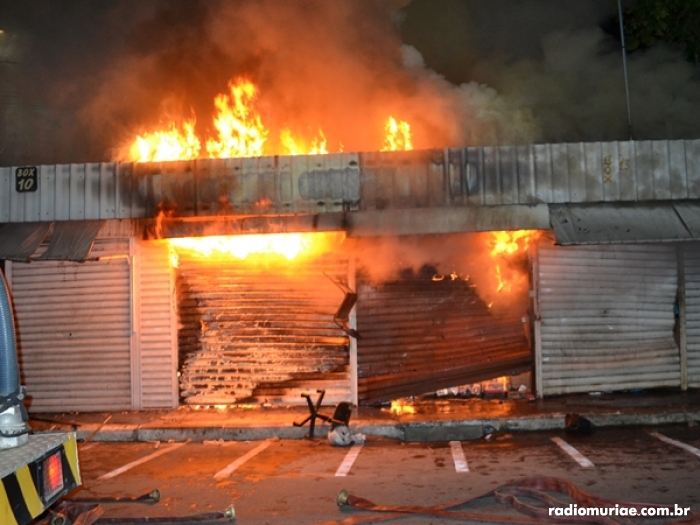 Polícia Civil investiga incêndio no camelódromo de Muriaé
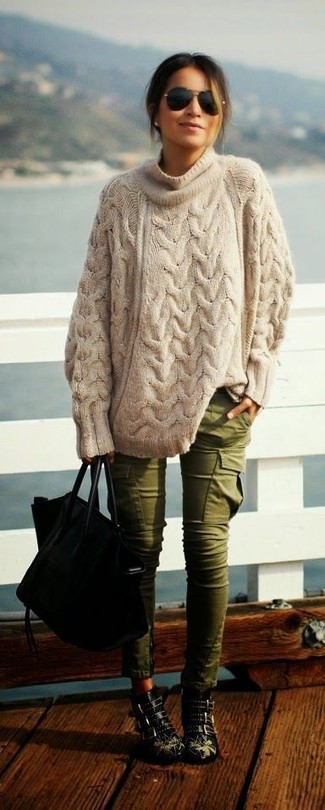 Tan Knit Oversized Sweater Outfits: 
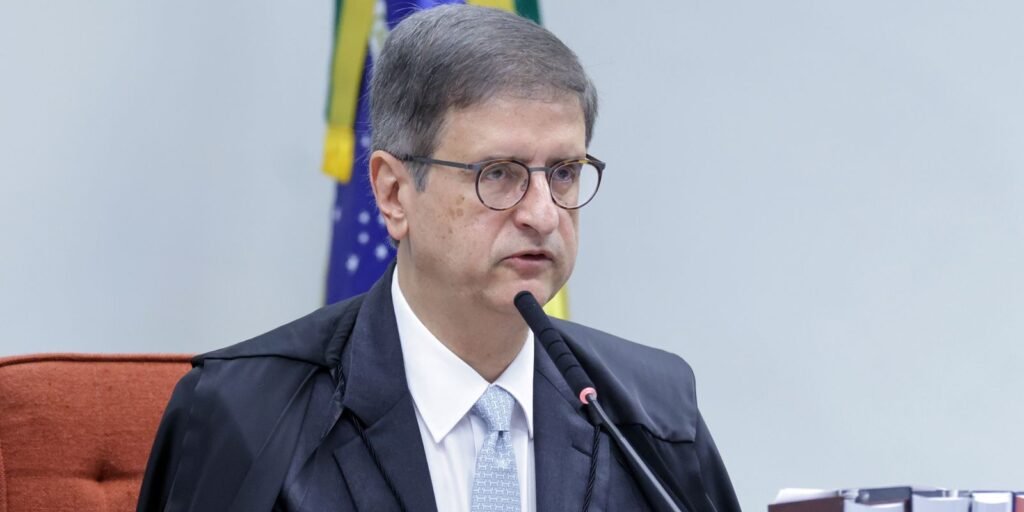 pgr-pede-anulacao-de-investigacao-sobre-conversas-de-moraes-e-vorcaro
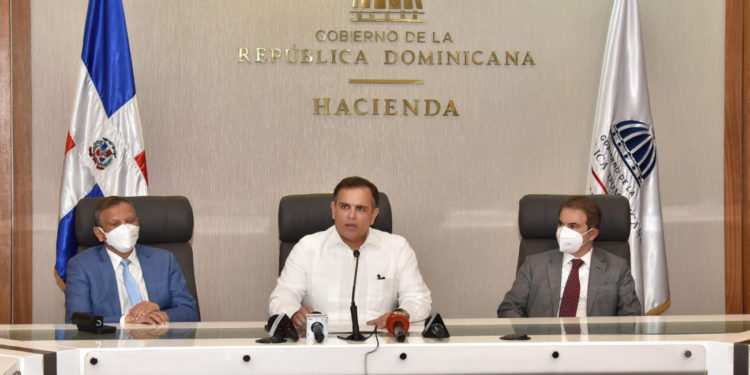 Gobierno dominicano adquiere el control del 100 % de las acciones de la REFIDOMSA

• [PROBLEM DESCRIPTION] Write out the material above once more, word for word. Images stay out.

• [TASK RESPONSE]
 Polícia Civil investiga incêndio no camelódromo de Muriaé
 Tan Knit Oversized Sweater Outfits: 
 pgr-pede-anulacao-de-investigacao-sobre-conversas-de-moraes-e-vorcaro
 Gobierno dominicano adquiere el control del 100 % de las acciones de la REFIDOMSA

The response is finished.